Большой. Это, безусловно, самый большой художник Средней Азии после русского авангарда. Но жить с ним было невозможно. Тяжело эмоционально.
Однако дело даже не в этом. Рядом с ним я не смогла бы состояться. Нельзя было стать тем, кем я стала, находясь рядом. И даже не из-за характера или алкоголизма. Просто, он под конец жизни очень укрупнился и требовал большого участия в его художественной жизни. Думаю, если бы я не ушла, а осталась женой, которая бы полностью отдавала себя работе с его живописью, с музеями, то, при моих способностях и усердии, моем знании устройства медиа, знании языков, знакомствах в Европе, он бы стал большой величиной. Он и без меня в последние годы развернулся до выставок в Берлине, в Штатах, нескольких выставок в Музее востока, двух больших альбомов. Наверное, такая жена, как я, могла бы умножить его успех. Но для этого мне нужно было полностью отказаться от себя.
Я всегда думала, что мы развелись поэтому. Его слова: "Тебе расти - мне умаляться"
А недавно я вдруг поняла, что и он бы при мне не развился. Например, я внезапно осознала, что за время нашей с ним жизни он ничего серьезного не написал, новые хорошие картины, новая графика у него стали появляться с весны 2012 года, когда мы уже ссорились и разъехались.

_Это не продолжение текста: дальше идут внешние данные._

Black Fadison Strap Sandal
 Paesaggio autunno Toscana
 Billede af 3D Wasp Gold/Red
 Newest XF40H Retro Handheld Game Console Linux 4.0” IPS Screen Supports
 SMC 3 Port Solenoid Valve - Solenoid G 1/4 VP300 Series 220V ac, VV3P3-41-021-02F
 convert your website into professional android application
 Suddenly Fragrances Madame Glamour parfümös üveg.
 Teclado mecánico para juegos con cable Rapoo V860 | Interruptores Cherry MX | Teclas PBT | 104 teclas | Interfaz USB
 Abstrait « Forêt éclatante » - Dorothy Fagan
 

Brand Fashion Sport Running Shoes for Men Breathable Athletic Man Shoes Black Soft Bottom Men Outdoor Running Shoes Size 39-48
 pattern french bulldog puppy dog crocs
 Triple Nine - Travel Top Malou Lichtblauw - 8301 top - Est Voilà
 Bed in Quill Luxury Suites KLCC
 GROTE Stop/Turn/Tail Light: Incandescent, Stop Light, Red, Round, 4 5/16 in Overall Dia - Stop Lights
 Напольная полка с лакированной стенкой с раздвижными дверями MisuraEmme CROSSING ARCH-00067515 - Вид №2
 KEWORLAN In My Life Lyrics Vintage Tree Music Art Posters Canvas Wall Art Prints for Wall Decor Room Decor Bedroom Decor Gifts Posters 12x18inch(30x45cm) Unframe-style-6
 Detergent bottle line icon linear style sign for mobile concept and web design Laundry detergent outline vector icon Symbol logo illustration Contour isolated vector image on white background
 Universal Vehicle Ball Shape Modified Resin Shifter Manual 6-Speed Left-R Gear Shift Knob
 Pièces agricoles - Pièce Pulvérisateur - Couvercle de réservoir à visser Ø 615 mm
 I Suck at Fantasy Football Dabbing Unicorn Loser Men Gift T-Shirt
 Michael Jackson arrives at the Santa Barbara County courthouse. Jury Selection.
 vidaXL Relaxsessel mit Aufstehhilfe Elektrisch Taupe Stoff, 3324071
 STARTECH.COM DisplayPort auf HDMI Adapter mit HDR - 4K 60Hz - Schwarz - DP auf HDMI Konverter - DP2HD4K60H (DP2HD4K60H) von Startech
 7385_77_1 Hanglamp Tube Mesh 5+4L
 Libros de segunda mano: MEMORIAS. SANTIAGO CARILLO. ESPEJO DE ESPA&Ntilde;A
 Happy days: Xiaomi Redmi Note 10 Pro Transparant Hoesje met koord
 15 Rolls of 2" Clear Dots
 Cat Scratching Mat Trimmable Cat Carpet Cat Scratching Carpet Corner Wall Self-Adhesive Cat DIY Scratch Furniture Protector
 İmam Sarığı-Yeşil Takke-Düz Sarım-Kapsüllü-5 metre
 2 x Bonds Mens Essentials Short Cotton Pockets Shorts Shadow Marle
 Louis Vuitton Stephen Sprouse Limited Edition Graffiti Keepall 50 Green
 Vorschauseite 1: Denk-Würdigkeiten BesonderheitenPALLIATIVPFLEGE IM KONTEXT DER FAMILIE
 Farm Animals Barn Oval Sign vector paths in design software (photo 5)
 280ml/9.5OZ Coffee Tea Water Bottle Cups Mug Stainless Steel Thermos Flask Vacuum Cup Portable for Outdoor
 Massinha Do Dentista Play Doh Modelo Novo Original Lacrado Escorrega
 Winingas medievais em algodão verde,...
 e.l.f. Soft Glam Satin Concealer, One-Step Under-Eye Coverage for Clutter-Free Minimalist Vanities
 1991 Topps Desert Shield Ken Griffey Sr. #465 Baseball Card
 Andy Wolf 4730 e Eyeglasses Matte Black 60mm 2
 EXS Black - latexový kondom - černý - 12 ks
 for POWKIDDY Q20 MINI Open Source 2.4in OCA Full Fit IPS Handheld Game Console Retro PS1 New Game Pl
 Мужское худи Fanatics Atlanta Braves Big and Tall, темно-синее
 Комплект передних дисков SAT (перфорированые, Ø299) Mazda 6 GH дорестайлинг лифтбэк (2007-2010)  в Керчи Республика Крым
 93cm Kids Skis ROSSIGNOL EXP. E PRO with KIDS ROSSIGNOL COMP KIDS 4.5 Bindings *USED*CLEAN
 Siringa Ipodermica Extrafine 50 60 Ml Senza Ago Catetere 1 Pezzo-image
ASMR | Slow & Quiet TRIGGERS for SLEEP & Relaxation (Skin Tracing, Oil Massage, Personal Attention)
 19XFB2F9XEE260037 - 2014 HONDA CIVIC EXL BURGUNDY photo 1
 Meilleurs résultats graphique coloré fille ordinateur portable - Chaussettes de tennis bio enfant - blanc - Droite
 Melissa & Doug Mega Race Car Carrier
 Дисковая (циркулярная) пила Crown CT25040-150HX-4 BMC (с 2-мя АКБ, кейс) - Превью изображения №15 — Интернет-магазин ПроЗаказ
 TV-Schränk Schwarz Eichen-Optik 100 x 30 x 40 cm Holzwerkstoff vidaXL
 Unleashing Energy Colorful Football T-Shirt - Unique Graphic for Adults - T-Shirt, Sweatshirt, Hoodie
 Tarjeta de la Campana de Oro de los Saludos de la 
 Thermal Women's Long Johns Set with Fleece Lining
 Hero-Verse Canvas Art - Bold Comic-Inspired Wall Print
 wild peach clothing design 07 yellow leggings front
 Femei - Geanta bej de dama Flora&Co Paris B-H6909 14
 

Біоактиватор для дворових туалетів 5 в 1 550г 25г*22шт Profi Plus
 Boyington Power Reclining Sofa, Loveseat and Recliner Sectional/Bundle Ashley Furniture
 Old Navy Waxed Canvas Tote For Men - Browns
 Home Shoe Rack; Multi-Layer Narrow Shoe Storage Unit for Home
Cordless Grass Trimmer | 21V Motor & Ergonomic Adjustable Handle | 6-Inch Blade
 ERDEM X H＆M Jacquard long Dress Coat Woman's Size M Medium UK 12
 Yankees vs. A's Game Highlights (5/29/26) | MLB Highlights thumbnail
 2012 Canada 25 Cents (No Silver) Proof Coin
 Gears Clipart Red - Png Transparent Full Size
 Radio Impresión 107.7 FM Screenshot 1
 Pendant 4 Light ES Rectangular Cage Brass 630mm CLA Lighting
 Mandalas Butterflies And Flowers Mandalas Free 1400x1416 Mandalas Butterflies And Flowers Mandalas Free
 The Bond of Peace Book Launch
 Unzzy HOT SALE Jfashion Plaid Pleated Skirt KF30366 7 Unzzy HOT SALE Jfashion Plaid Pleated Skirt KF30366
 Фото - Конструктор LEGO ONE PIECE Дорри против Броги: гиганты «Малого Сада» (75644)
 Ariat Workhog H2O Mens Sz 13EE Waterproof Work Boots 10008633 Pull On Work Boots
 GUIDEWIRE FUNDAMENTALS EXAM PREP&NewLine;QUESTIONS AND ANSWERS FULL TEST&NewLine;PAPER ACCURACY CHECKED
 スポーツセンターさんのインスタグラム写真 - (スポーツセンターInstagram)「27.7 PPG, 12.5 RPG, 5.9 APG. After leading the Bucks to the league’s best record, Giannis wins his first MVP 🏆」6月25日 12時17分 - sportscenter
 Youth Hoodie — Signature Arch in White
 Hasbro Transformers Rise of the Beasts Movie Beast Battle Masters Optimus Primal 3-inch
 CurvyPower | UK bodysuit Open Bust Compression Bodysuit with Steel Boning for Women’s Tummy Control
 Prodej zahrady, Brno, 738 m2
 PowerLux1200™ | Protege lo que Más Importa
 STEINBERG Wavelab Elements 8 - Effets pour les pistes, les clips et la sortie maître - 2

Как мы с ним вообще додумались жить вместе, не представляю. Я была тогда замужней женщиной с мужем в Лондоне и начисто бритой головой. Вот так я выглядела в те годы
А Глухов натурально ходил по мастерской в чапане и казахской шапке
И я бросила лондонского мужа. Нельзя сказать, что я уехала из Лондона ради Глухова, я все равно хотела уезжать, но развод прилетела попросить, когда мы с ним познакомились. Наверное, я вернулась бы все равно в Россию, но позже. А еще можно наверняка сказать, что, прося у мужа в Лондоне развод, я уже понимала, что с Глуховым долго не проживу: были тогда первые сигналы о том, что жить с ним окажется тяжело. Но я все равно ушла к нему.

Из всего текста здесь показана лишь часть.